To see clearly with universal indifference
What really happens when you overcome the selfish ego
You hear it said often enough that "ego is the enemy", but what does that mean?
Wise thinkers, from East and West, tell us that the ego is the root of fear, anxiety, doubt, anger, and criticism.
If you're even a halfway perceptive human being you know these feelings well.
The ego is well-meaning. That never-ending stream of negative chatter that it broadcasts is intended to keep you safe, secure, and alive.
But it's like a millennial helicopter parent, seeing threats where there are none and blowing them all out of proportion.
The stalking wolves, lurking famines, and deadly exile from the tribe are long gone for most of us. With no real threats to handle the ego gets bored, and idle hands do the Devil's work. It starts looking around for things that it can be worried about, and lordy does it find them.
What's the solution? Eastern traditions, Buddhism being one of the more popular, tell us that desire and attachment are the source of our suffering. The ego is meant to be silenced. Let go of the worldly desires that create all the negativity.

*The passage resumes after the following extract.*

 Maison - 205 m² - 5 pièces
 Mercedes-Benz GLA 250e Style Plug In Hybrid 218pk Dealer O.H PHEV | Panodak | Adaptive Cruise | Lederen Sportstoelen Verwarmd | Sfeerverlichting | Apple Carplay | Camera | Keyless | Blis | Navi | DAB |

This works. I spent some years practicing these techniques of breathing and mental focus. A quieted ego is indeed a blissful state of "not-self".
But you can't do much with it. Unless you want to sit in meditation for 16 hours a day, it's a dead end. Unless you believe in the Buddhist's theology this isn't too helpful.

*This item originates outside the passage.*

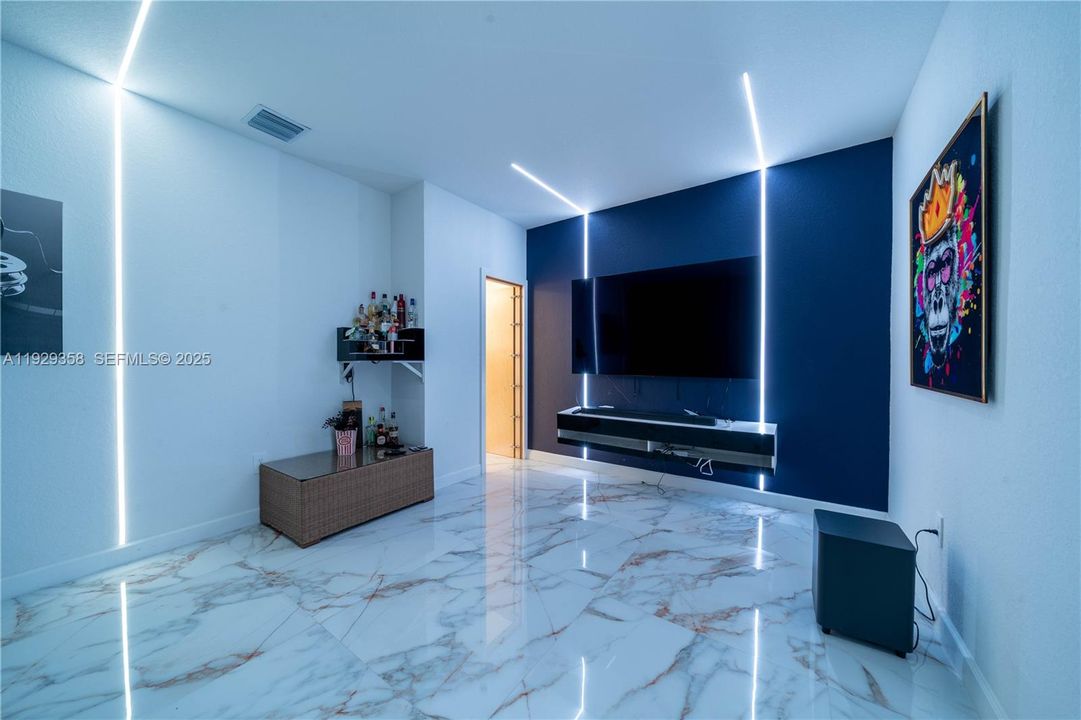 На продажу: $815,000 (4 спален, 2 ванн, 2560 Квадратных фут)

What you probably don't know is that Western traditions have their own takes on this problem and their own techniques for handling them. Few today realize that many of Plato's dialogues have their own version of "mental quieting".
I learned this myself some years ago through an essay written by Iris Murdoch.

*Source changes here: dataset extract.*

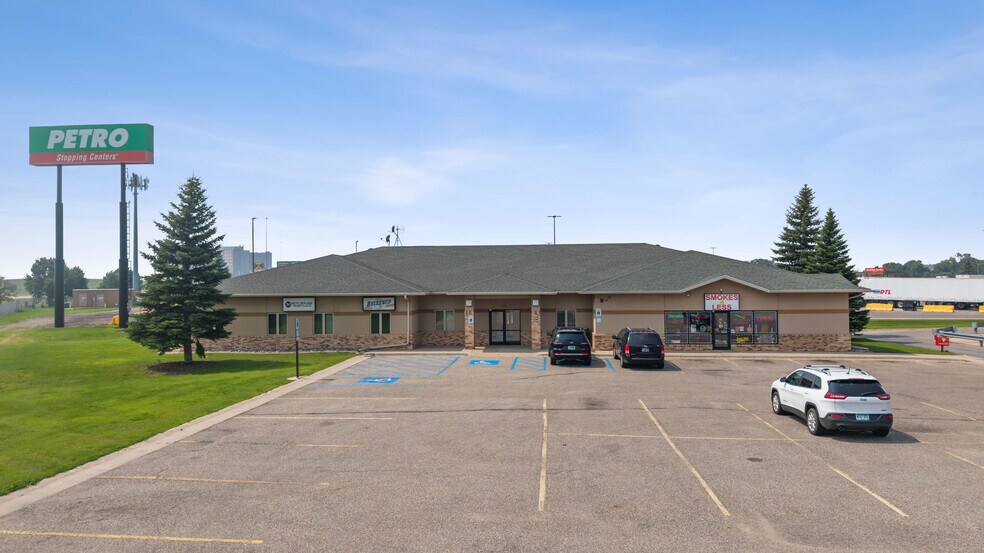 4520 19th Ave S, Fargo, ND à louer - Photo principale – Image 1 sur 14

She wrote of the need for "unselfing" in order to get a clear and accurate understanding of the people and the things around us.
She meant something like the Buddhist's ego-death. It's that fat, greedy ego (her words) that distorts our perceptions and leaves us rolling in the muck of our self-indulgent fantasies.
The remedy to this is overcoming our ego-minds. But how?
Consider Michelangelo chiseling his David out of a solid block of marble. He had to "see" the finished statue before he began the work. The mental picture guided him as he chipped away the stone.
But the statue didn't exist before he did the work. And the mental picture of David changed as the statue took shape. The more he worked, the clearer the image. The clearer the image, the more perfect the statue. (Perfection itself being a shifting and unattainable target.)
Michelangelo saw the image of the completed David in his mind, and that image drew him like a magnetic field pulling iron dust.
What if Michelangelo let his own ego get in the way? Listening to his ego mind as it filled him with doubt, criticism, fear, second-guessing every choice? We'd likely not have any of his art.
Great artists respond to the reality of the artwork that exists outside of their own ego, with its fear and criticism.
Even if they "created" the work, they respond to it as an independent reality.
Notice that this is exactly opposite of the Buddhist's advice to detach from the world.
The artist becomes even more invested in his creation. He participates in its reality, his hands bring it out of the mental realm and into the material.
No artist, no artwork.
It's the greater, deeper, clearer attachment to reality beyond the self that brings us out of ourselves. More attachment, more participation, more involvement, not less.
More, the artist has a responsibility to the work. He owes it an obligation. He cares for the work. We might even say that he loves it, in that sense of universal, dispassionate concern for its well-being.
Unselfing has a moral dimension. Without love and justice, we cannot clearly and accurately see things as they are. We stay locked within our petty desires and irrational fears, distorting the world. Seeing with love and with justice allows us to reach beyond the ego.
And that's about as much of a Valentine's Day message as you'll get from these hands.